Originally Posted by
Musician
1) If the crew rejects the takeoff, and pulls the thrust lever to idle,
and then IF one of the engines does not spool down (fast enough),
TCMA will shut it off,
because an engine that's thrusting will not help with stopping,
and it might blow the aircraft sideways off the runway as the aircraft slows and rudder authority is lost.
So that is good!
2) But that did not happen, and the crew now wants to take off anyway (why....?).
PF pushes TO/GA or slams the throttle.
Now the engine is accelerating as commanded.
TCMA does not care about acceleration.
And should you be asking that in this thread?
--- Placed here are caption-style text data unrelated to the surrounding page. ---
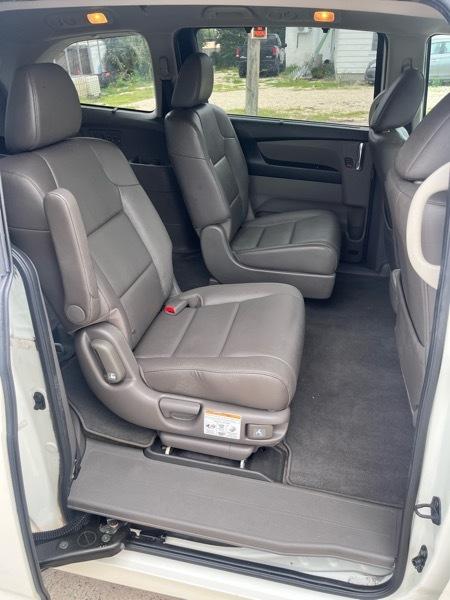 Honda Odyssey Touring 2014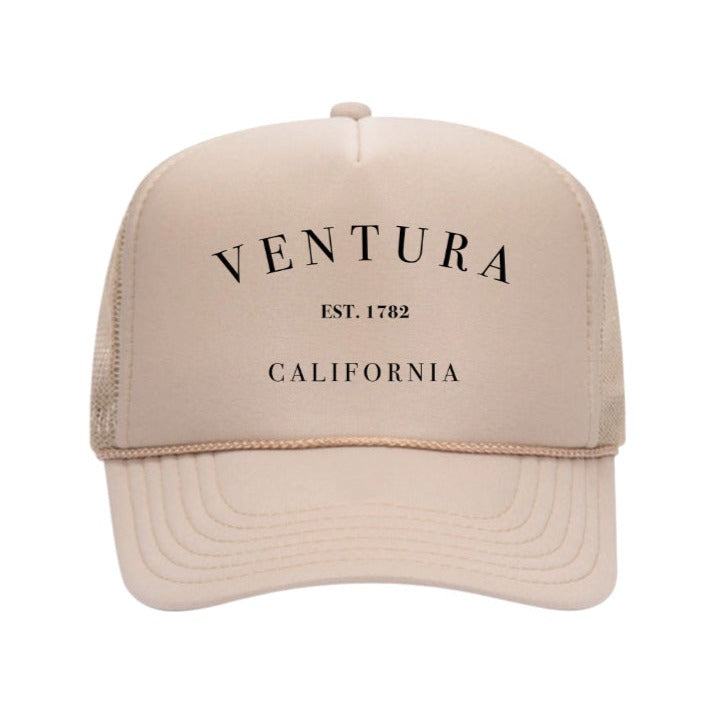 Ventura EST. Trucker Hat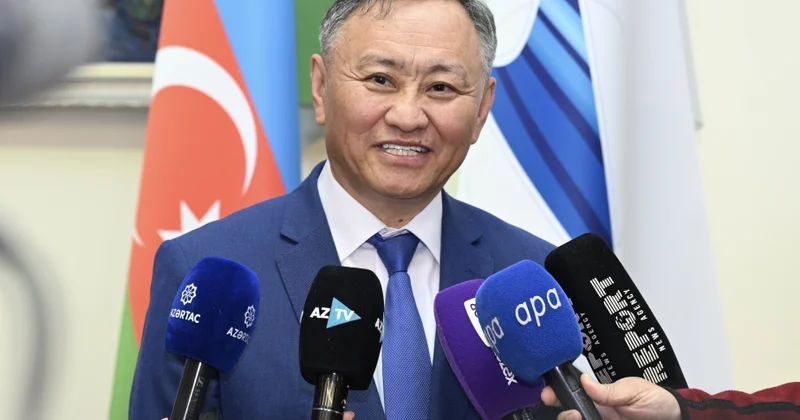 Monqolustanın baş prokuroru: Memorandum iki ölkə arasında əməkdaşlığın genişləndirilməsi üçün imkanlar açır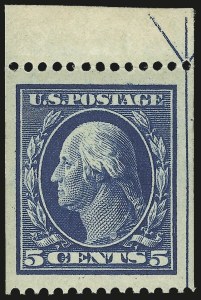 Sale 962, Lot 2664, 1908-12 Issues (Scott 331-396)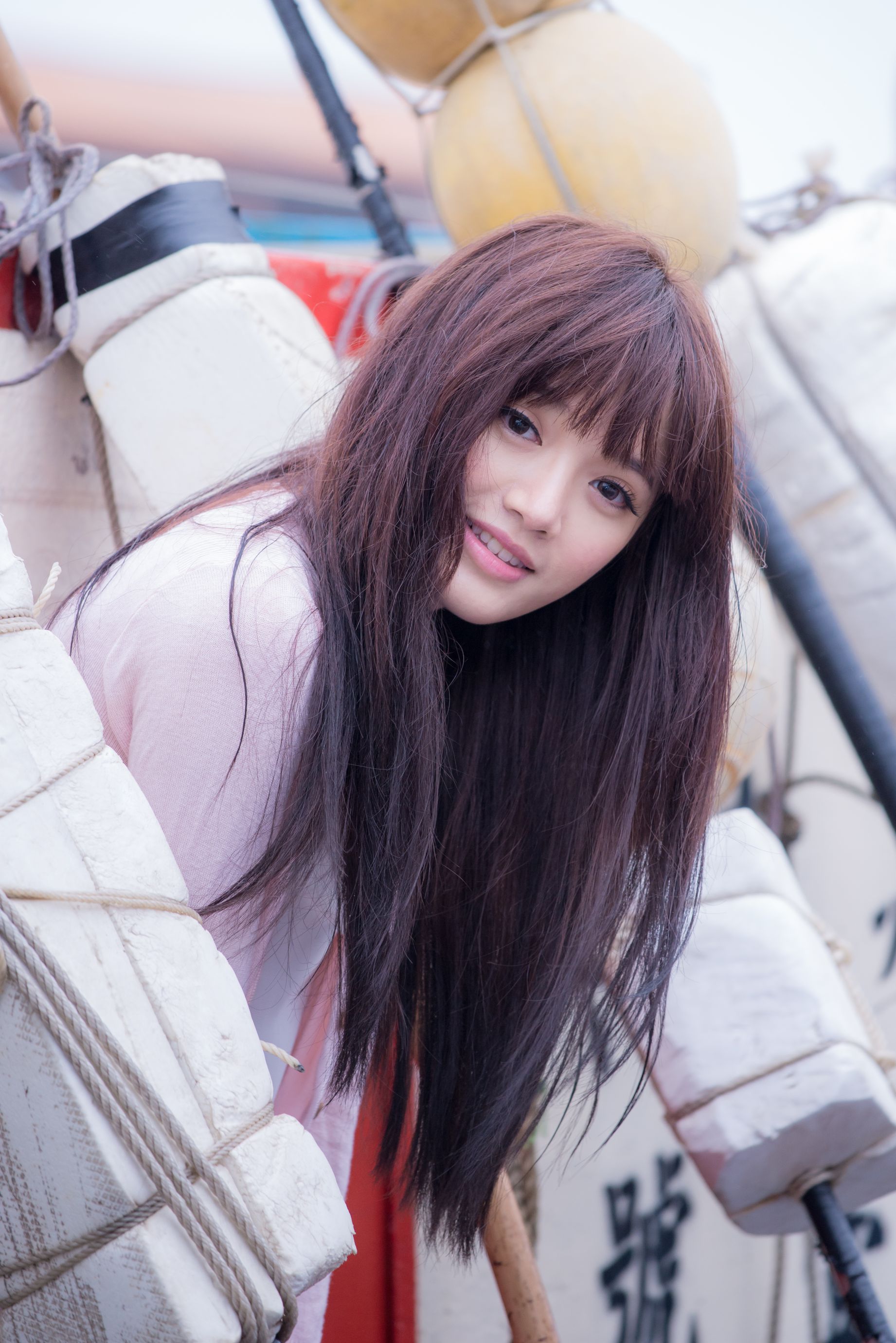 台湾美女林岗怡Didy《粉色少女》-图48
The incident here is a landing, not a take-off.
What may have happened here was
1) engines idle on glide,
2) touchdown, PF starts reversing
3) engines run up, PF undoes reverser and moves throttle to idle
4) maybe, maybe TCMA expects engine to decelerate faster from that than it does
So it's the exact opposite of a RTO, and because the throttle ends up on idle, TCMA can trigger. But on the RRTO, it ends up at full thrust, where TCMA won't trigger.
Thanks for responding.
Didn't mean to identify the other thread. Did I?
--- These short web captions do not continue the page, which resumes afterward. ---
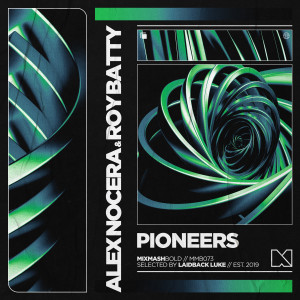 Alex Nocera的專輯Pioneers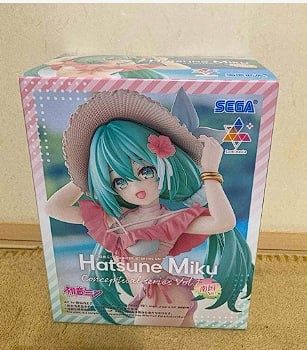 Hatsune Miku Conceptual series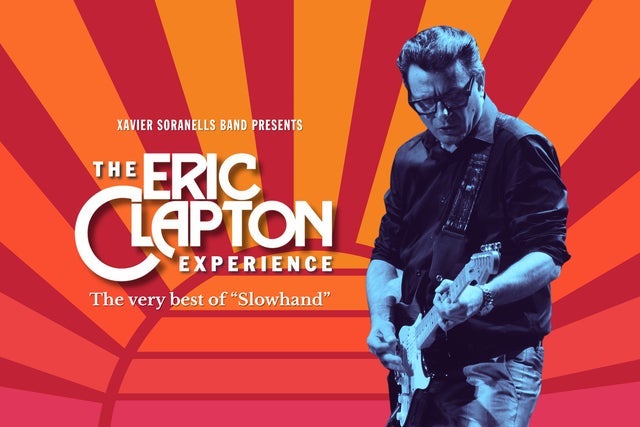 The Eric Clapton Experience presale information on freepresalepasswords.com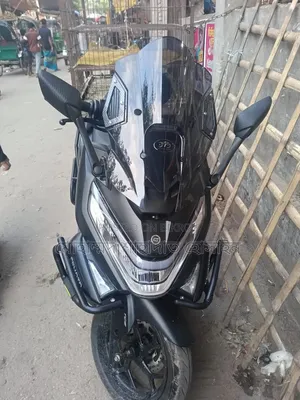 CFMoto 150SC 2026 Black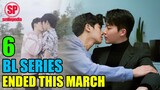 6 Asian BL Series That Ended This March 2021 | Smilepedia Update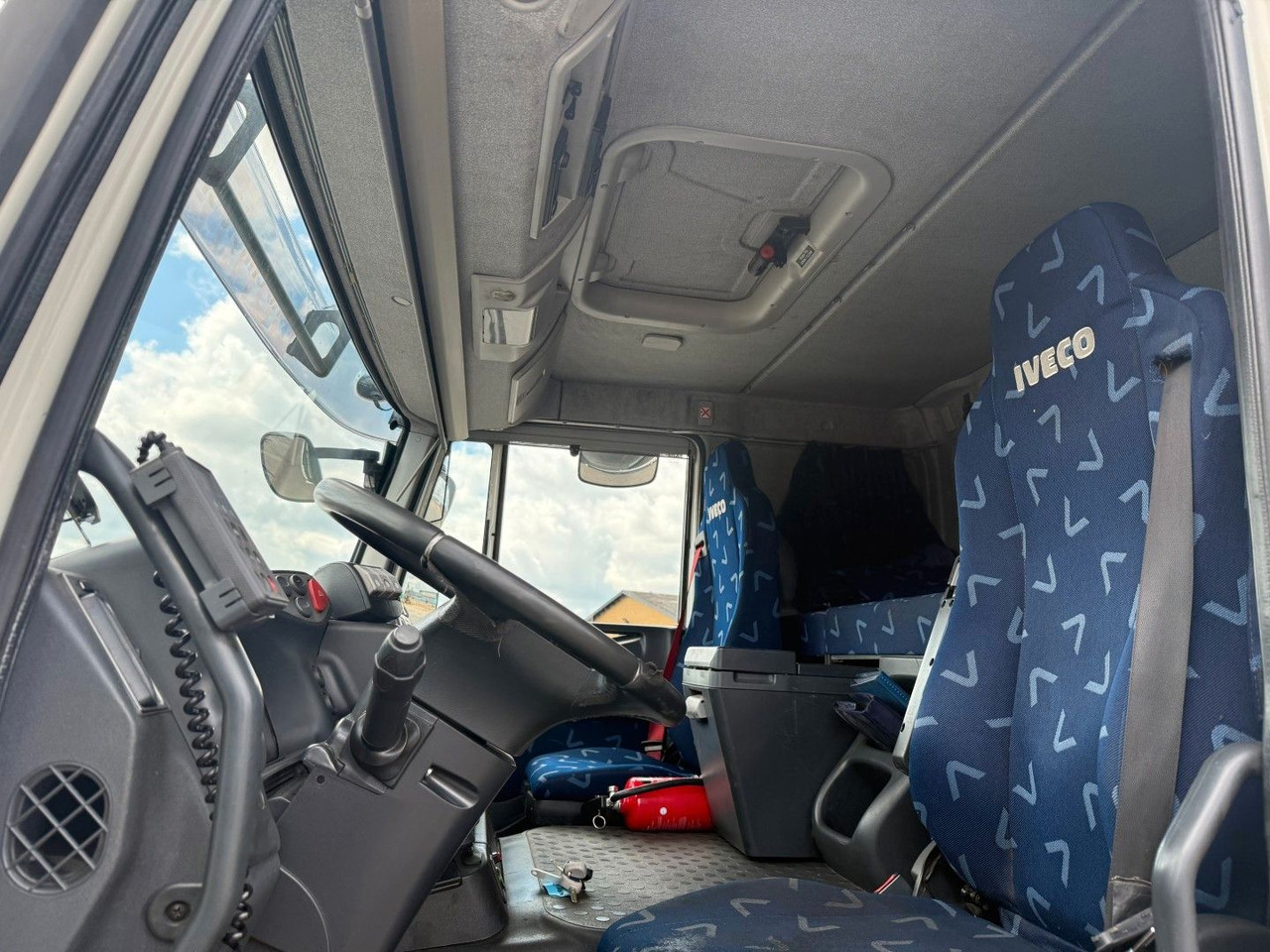 Iveco Stralis AT440S36T 4x2 - Ťahač: obrázok 5 Iveco Stralis AT440S36T 4x2 - Ťahač: obrázok 5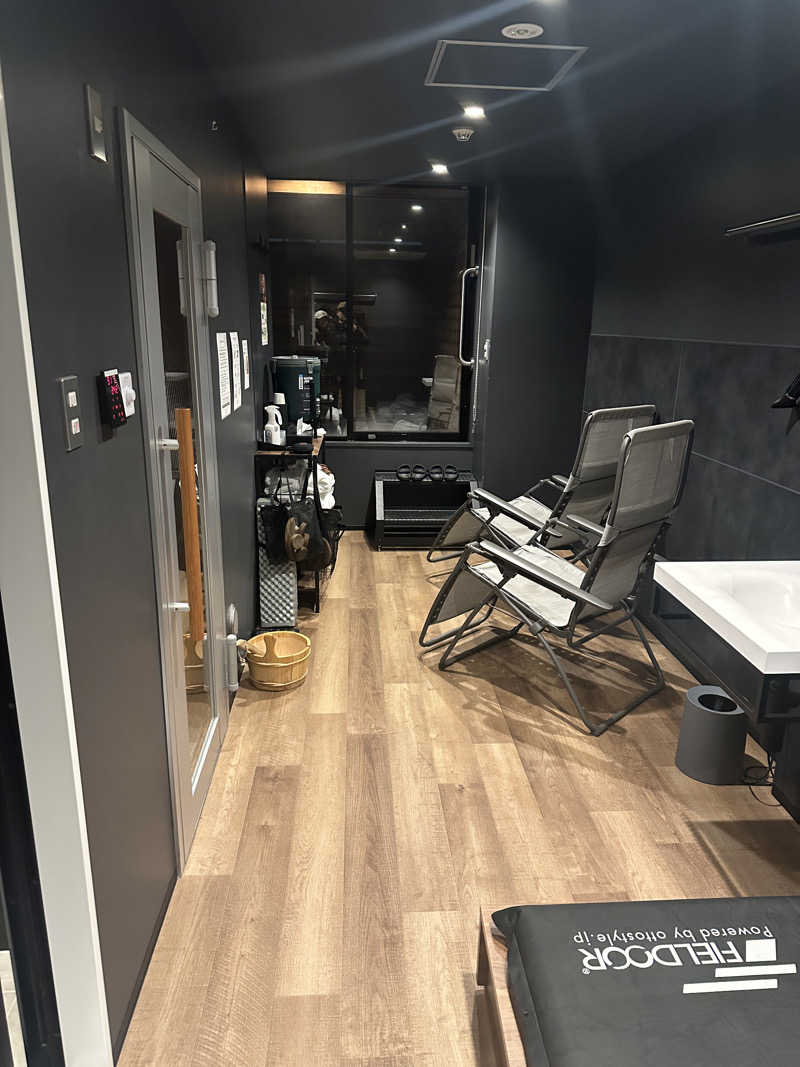 サウナー20240912さんのPOT SAUNA(HOTEL POTMUM)のサ活写真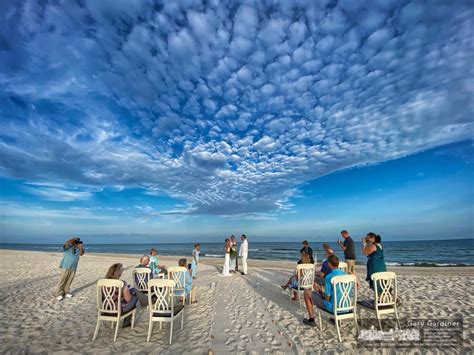 Beach Wedding - My Final Photo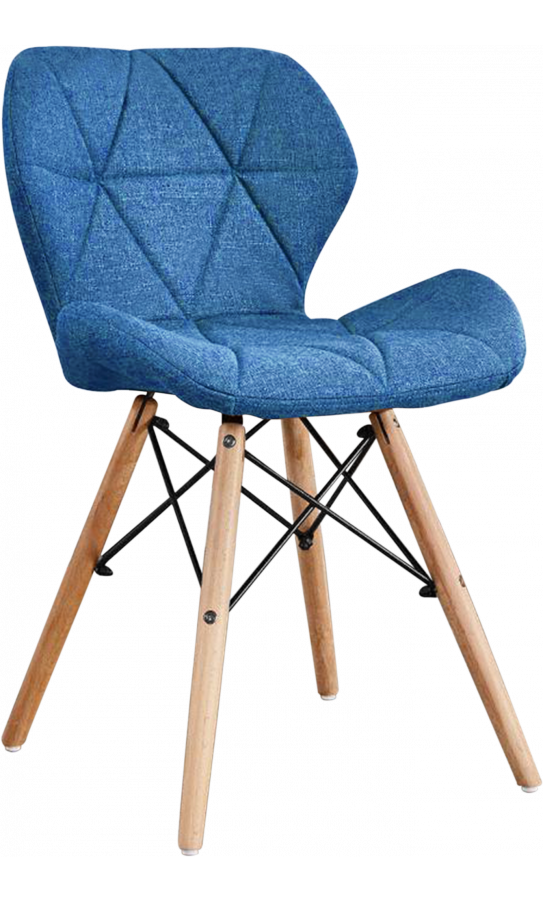 Chair GT Racer X-D27 Velvet Blue Chair GT Racer X-D27 Velvet Blue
Because TCMA Constantly monitors thrust (N1), levers, and WOW, lag times become critical, yes? How long does TCMA wait, armed with instantaneous sensor input, to shut down engines ....?
It may seem that there are some questions ?? Timing is everything... Isn't an RTO at some point an emergency landing? Then if abandoned, a TO? Maybe put thrust reverse in there....?
,
Admittedly far fetched, ..... Impossible?